## ASSIGNMENT
Among the entries that follow, some lines contain the word "Pants". Show all of them.

## EXERCISE DATA
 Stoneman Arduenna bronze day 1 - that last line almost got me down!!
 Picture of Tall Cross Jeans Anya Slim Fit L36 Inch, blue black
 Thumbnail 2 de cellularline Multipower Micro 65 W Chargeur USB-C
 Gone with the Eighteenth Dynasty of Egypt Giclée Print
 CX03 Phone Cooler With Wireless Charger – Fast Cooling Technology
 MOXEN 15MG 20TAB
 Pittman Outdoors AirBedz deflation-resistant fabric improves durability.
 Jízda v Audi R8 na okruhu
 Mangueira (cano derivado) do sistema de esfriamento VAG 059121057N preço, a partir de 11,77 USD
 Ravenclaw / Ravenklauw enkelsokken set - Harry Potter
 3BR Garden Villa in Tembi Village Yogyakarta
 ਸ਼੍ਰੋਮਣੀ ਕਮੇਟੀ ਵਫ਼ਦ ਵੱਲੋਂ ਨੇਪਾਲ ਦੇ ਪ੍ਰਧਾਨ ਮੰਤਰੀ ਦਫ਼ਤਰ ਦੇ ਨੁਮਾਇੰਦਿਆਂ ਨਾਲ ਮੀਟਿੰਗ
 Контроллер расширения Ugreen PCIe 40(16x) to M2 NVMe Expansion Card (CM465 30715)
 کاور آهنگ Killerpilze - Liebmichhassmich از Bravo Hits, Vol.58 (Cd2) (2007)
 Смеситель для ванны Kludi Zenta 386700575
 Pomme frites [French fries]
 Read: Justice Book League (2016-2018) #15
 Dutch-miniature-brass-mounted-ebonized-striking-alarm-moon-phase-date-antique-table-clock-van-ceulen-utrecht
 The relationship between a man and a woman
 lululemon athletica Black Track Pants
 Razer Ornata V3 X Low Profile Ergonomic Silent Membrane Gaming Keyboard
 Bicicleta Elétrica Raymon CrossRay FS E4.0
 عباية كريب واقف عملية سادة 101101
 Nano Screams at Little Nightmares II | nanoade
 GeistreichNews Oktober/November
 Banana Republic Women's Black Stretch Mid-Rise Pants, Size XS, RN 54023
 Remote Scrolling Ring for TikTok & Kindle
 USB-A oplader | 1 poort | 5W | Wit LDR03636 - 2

## RESPONSE TO THIS TASK
 lululemon athletica Black Track Pants
 Banana Republic Women's Black Stretch Mid-Rise Pants, Size XS, RN 54023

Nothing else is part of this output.